So weit so gut. Nun ist die Frage, wie wichtig es ist, dass man als SL Szenen bastelt, die sich zu einer Geschichte zusammenfügen. Es wäre ja nach dem bisher Gesagten problemlos möglich, nacheinander wichtige Aspekte zu thematisieren, ohne dass die Szenen sich zu einer Einheit zusammenfügen. Bisher gibt es im Regelwerk nur eine einzige Vorkehrung, damit das Ganze nicht völlig zerfasert: zu Beginn des Spiels einigen sich die Spieler auf ein Schlüsselereignis, das für jeden Charakter bedeutsam ist. Die erste Szene jedes Charakters muss dann Bezug nehmen auf das Schlüsselereignis.
Jenseits dessen setze ich bisher allein auf die kreative Kraft des SLs. Vielleicht sollte man aber noch mehr Vorgaben dazu machen, wie der SL die Szenen framed, so dass man im weiteren Verlauf des Spiels eine Geschichte entwickelt. Ich bin mir nicht sicher, ob das sein muss. Vielleicht reicht es auch, ein Schlüsselereignis zu haben, das einen Kontext für alle vorgibt, und dann die Szenen rund um Charakteraspekte zu entwickeln. Hier wäre der SL gefordert, sich relevante Szenen auszudenken und gleichzeitig die Entwicklung eines größeren erzählerischen Rahmens so weit voranzutreiben, wie es notwendig ist, damit das Spiel cool ist.

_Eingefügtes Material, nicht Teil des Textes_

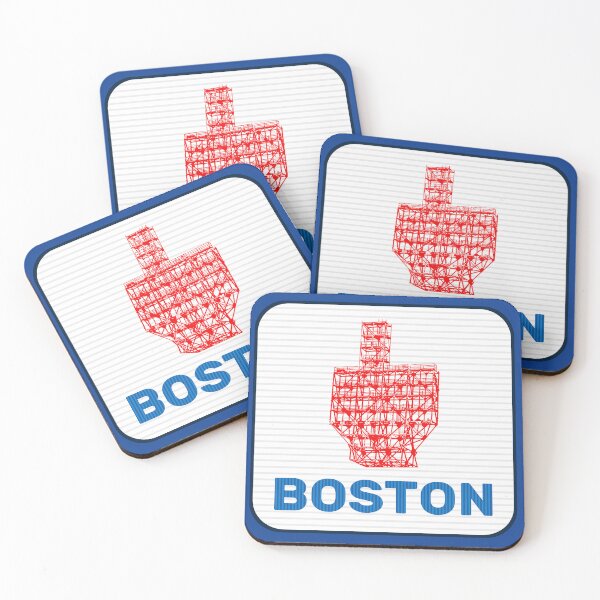 Item preview, Boston Citgo Sign Finger - Middle Finger designed and sold by stephshirts.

Was meint ihr, braucht es konkrete Vorgaben dafür, wie sich das Spiel Szene für Szene entwickeln sollte? Oder kann man da ganz auf die Einfälle des SLs (und natürlich der Spieler, die Ideen einbringen) vertrauen? Einerseits reizt es mich, ein strengeres Korsett vorzugeben. Andererseits sollte das Spiel auch nicht zu komplex werden.